§ Task statement
In the entries that follow, the line with "532 Ridgeview Ct, Pleasant" opens the range and the line with "Joe Budden Disses" closes it; repeat that range exactly, both lines included.
(Data listing Opens)
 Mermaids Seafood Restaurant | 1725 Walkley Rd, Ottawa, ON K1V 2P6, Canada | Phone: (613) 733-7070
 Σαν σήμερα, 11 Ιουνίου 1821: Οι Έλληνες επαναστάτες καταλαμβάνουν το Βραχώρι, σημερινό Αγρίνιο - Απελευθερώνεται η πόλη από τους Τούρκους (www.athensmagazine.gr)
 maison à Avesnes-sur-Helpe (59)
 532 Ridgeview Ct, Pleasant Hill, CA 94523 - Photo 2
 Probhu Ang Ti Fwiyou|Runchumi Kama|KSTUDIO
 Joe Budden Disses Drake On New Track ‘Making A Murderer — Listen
(Data listing Closes)
(Data listing Opens)
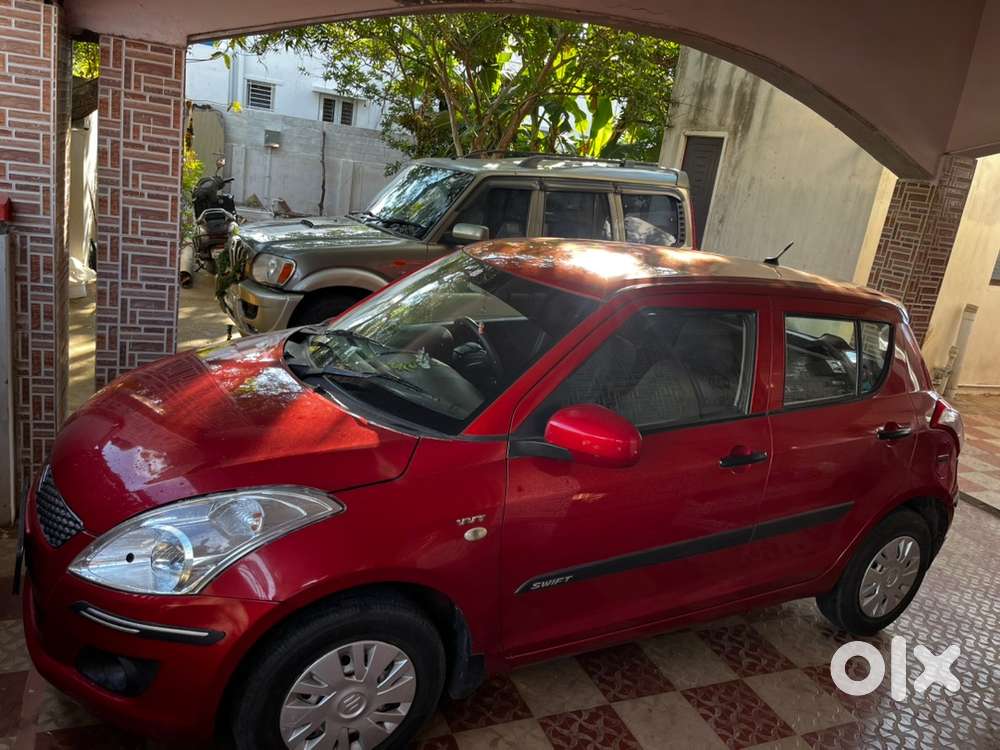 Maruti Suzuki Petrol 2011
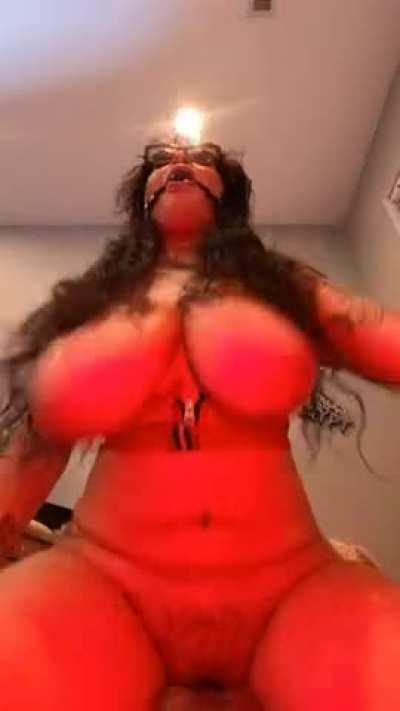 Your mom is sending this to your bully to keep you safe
(Data listing Closes)
(Data listing Opens)
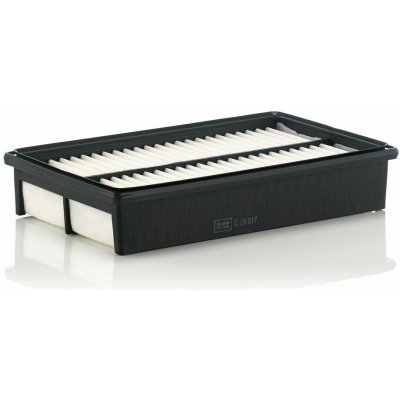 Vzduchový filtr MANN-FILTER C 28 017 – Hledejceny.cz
(Data listing Closes)
§ Result
 532 Ridgeview Ct, Pleasant Hill, CA 94523 - Photo 2
 Probhu Ang Ti Fwiyou|Runchumi Kama|KSTUDIO
 Joe Budden Disses Drake On New Track ‘Making A Murderer — Listen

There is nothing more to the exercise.